Si l’on s’en tient aux manuels d’économie, l’institution de Francfort a bien plus de raisons de s’inquiéter que sa puissante homologue américaine: la croissance en zone euro ralentit, alors que les Etats-Unis ont démarré l’année sur les chapeaux de roue (croissance à 3,1% au premier trimestre), malgré quelques signes de ralentissement et l’impact des tensions commerciales, avec la Chine notamment, qui reste un point d’interrogation.

Sans oublier l’inflation qui ne démarre pas en zone euro: “C’est sans doute là que le bât blesse”, analyse Hervé Goulletquer, de la Banque Postale AM. Si pour l’opinion publique, des prix à la consommation qui stagnent sont bienvenus, du côté des économistes, l’on redoute qu’un tel phénomène n’enferme la zone euro dans une phase prolongée d’apathie.

– Une guerre des monnaies ? –

Pour Donald Trump, tout juste entré en campagne pour une réélection en 2020, un renchérissement du dollar, synonyme de perte de compétitivité pour les exportateurs américains, serait une bien mauvaise nouvelle. Le président américain se fait fort en effet de restaurer la puissance commerciale des Etats-Unis, face à la Chine mais aussi face aux Européens, qu’il menace en particulier de taxes potentiellement dévastatrices sur l’industrie automobile.

Et il entend que la Fed lui prête main forte, pour prolonger autant que possible l’un des plus longs cycles de croissance de l’histoire récente américaine.

On a ainsi appris que la Maison Blanche avait activement exploré en février la possibilité de priver Jerome Powell de son titre de président de la Fed pour en refaire un simple gouverneur.

“Il y a de plus en plus de politiciens qui croient que les banques centrales ont une réponse à tous leurs problèmes”, explique Brian Coulton, chef économiste de l’agence de notation Fitch. “Il y a de la pression”.

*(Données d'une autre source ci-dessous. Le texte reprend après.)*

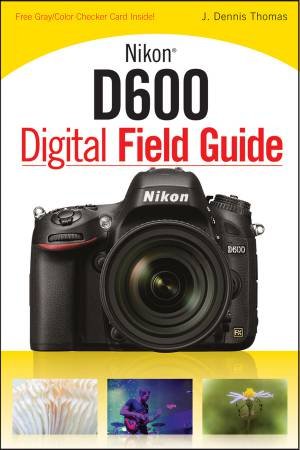 Nikon D600 Digital Field Guide by J. Dennis Thomas
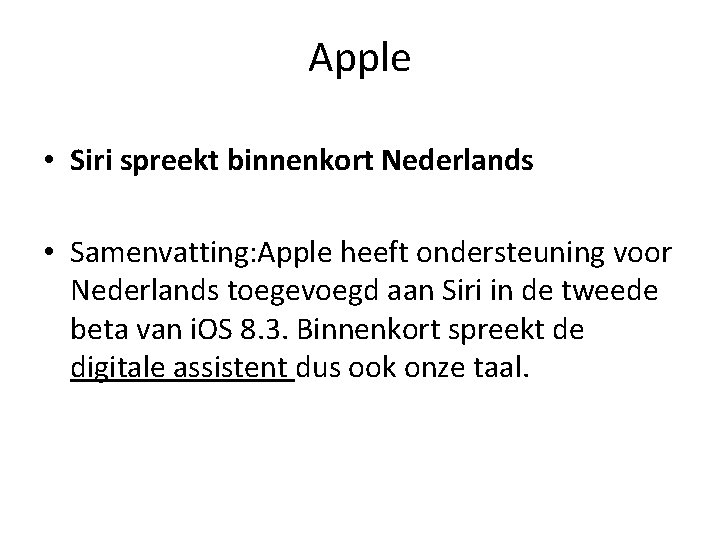 Apple • Siri spreekt binnenkort Nederlands • Samenvatting: Apple heeft ondersteuning voor Nederlands toegevoegd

Le gouverneur de la Banque de France, François Villeroy de Galhau, dont le nom circule comme possible successeur de Mario Draghi à Francfort, a prévenu que les banques centrales ne pouvaient pas actionner une “baguette magique” pour “réparer les dommages” économiques tels que ceux causés par les offensives protectionnistes de Donald Trump.

Mario Draghi a de son côté appelé les dirigeants de la zone euro à se doter “plus rapidement” d’une réelle force de frappe budgétaire commune, pour ne pas laisser la BCE batailler seule contre les vents économiques adverses.

Une perspective encore lointaine: en fin de semaine dernière, il a fallu une nuit de pénibles négociations pour que les ministres européens des Finances accouchent d’un fragile compromis sur le principe d’un budget de la zone euro. Et sans trancher la question épineuse du financement d’un tel instrument, qui divise les pays du Sud, partisans d’une plus grande solidarité, et ceux du Nord, Pays-Bas en tête, adeptes de la rigueur budgétaire.